• **ABOUT THIS TASK**:
Entries below include pictures. Output exactly the lines from the one with "First, launch WhatsApp." down to the one with "Let us copy", both ends included, and leave the pictures out.

• **DATA EXTRACT**:
■ ■ ■ ■ ■ ■ ■

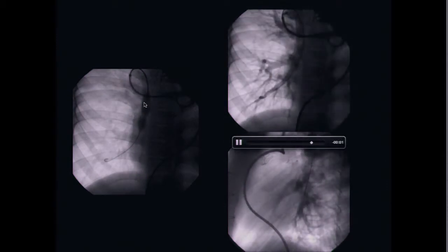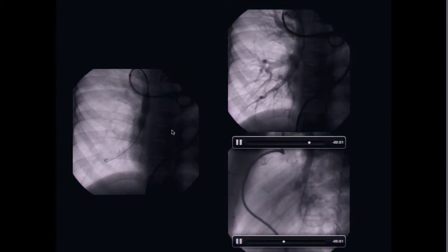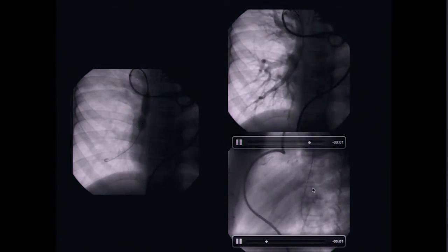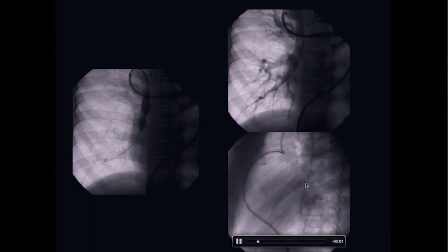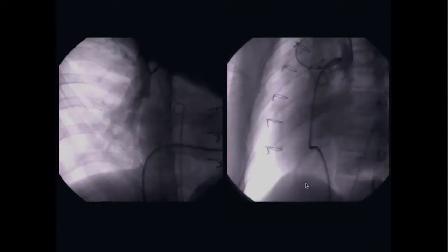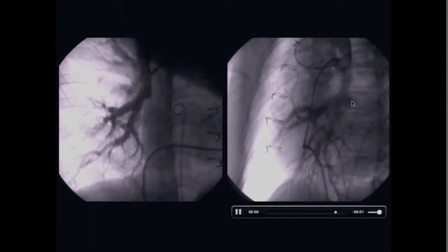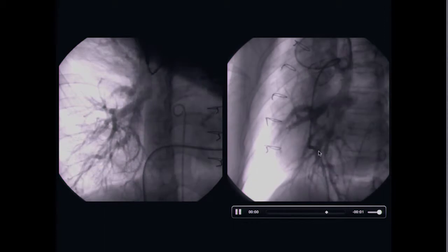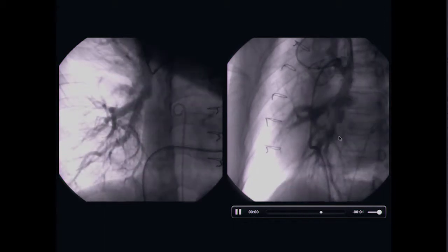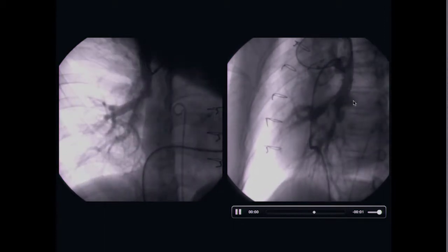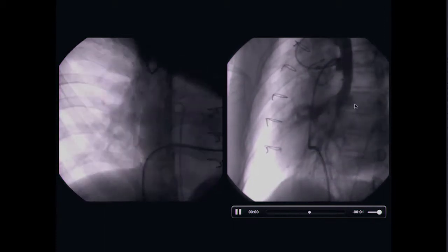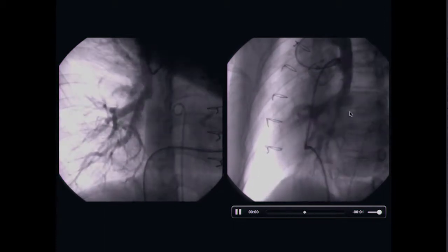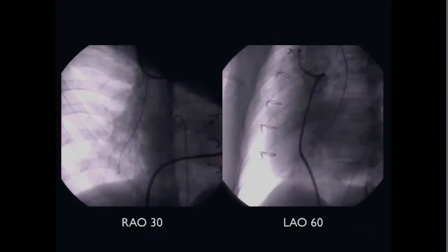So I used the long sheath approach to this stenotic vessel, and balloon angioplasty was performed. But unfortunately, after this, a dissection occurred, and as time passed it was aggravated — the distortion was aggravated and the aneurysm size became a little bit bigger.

■ ■ ■ ■ ■ ■ ■

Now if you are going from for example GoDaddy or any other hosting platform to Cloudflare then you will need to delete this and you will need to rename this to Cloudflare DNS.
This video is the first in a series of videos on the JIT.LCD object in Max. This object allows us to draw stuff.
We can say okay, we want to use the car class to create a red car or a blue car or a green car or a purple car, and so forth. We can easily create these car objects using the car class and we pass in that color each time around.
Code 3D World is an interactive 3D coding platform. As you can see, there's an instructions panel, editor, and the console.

■ ■ ■ ■ ■ ■ ■

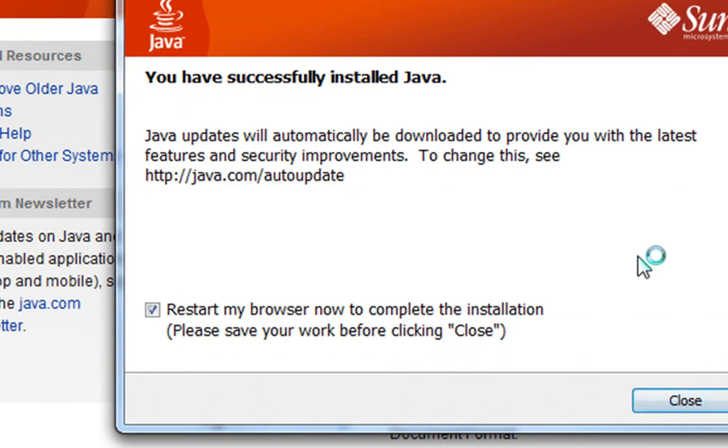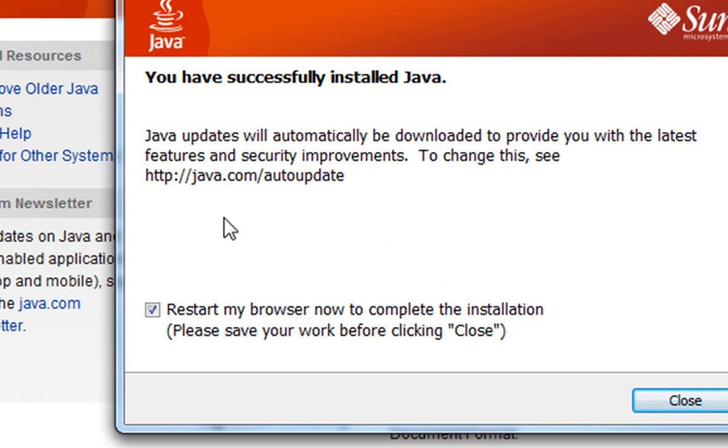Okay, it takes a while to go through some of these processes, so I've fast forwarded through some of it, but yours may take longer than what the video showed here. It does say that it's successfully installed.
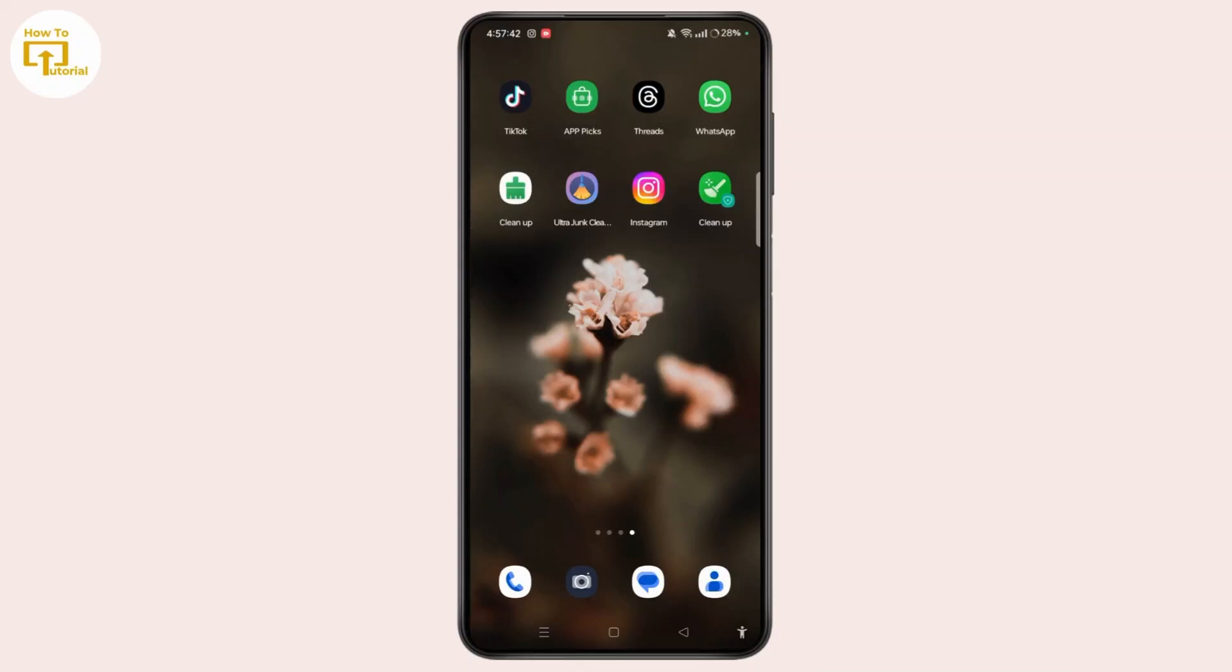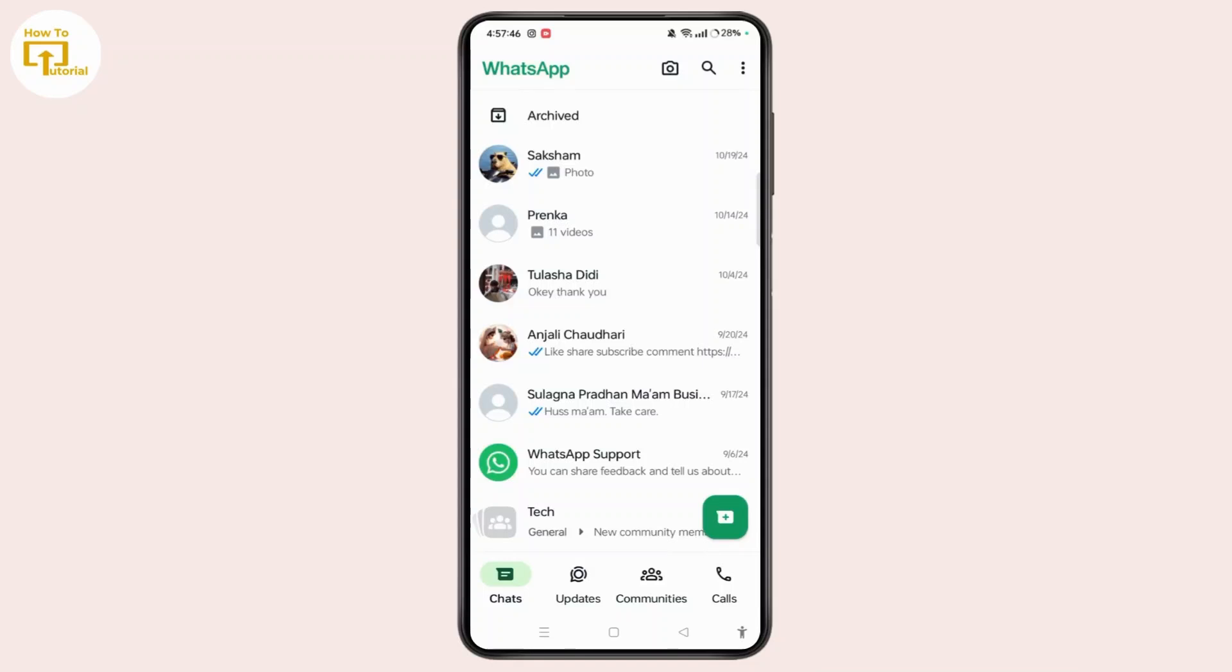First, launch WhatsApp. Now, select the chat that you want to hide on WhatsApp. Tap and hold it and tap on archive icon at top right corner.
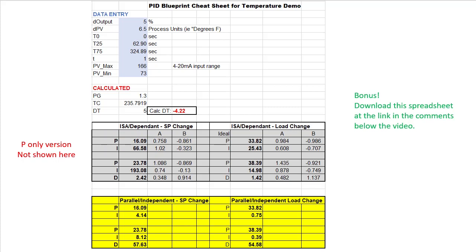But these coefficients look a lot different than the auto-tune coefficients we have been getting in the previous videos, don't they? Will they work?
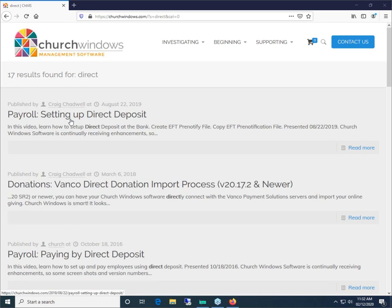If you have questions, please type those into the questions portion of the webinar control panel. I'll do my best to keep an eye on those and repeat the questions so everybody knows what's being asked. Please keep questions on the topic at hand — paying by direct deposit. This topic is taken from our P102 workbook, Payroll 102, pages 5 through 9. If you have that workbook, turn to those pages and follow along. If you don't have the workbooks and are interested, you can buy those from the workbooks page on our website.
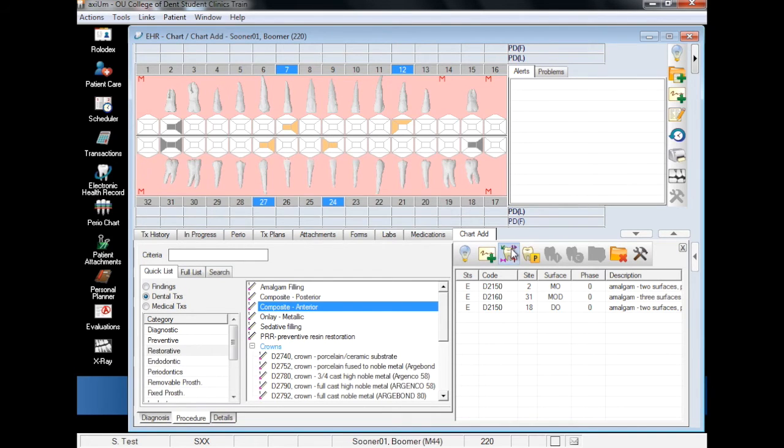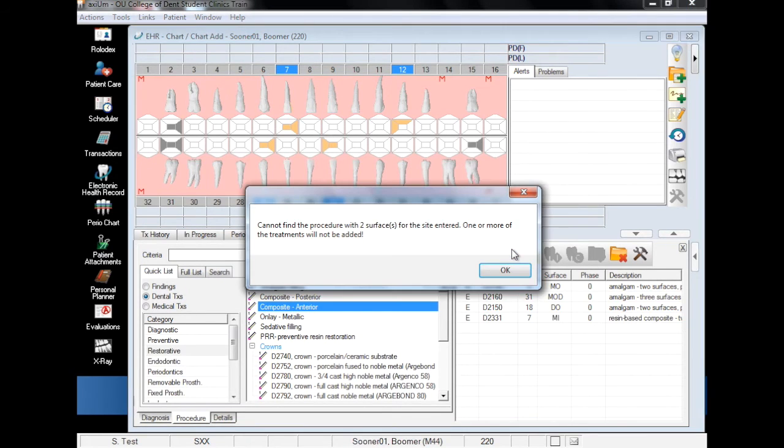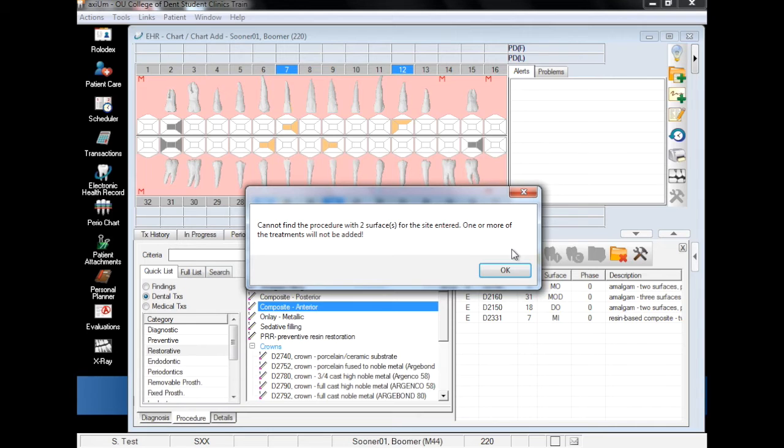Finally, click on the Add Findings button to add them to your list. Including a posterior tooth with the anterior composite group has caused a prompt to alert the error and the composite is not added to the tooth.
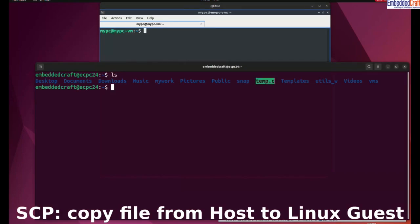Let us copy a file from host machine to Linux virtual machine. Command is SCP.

■ ■ ■ ■ ■ ■ ■

• **RESPONSE FOR THIS EXERCISE**:
First, launch WhatsApp. Now, select the chat that you want to hide on WhatsApp. Tap and hold it and tap on archive icon at top right corner.
But these coefficients look a lot different than the auto-tune coefficients we have been getting in the previous videos, don't they? Will they work?
If you have questions, please type those into the questions portion of the webinar control panel. I'll do my best to keep an eye on those and repeat the questions so everybody knows what's being asked. Please keep questions on the topic at hand — paying by direct deposit. This topic is taken from our P102 workbook, Payroll 102, pages 5 through 9. If you have that workbook, turn to those pages and follow along. If you don't have the workbooks and are interested, you can buy those from the workbooks page on our website.
Finally, click on the Add Findings button to add them to your list. Including a posterior tooth with the anterior composite group has caused a prompt to alert the error and the composite is not added to the tooth.
Let us copy a file from host machine to Linux virtual machine. Command is SCP.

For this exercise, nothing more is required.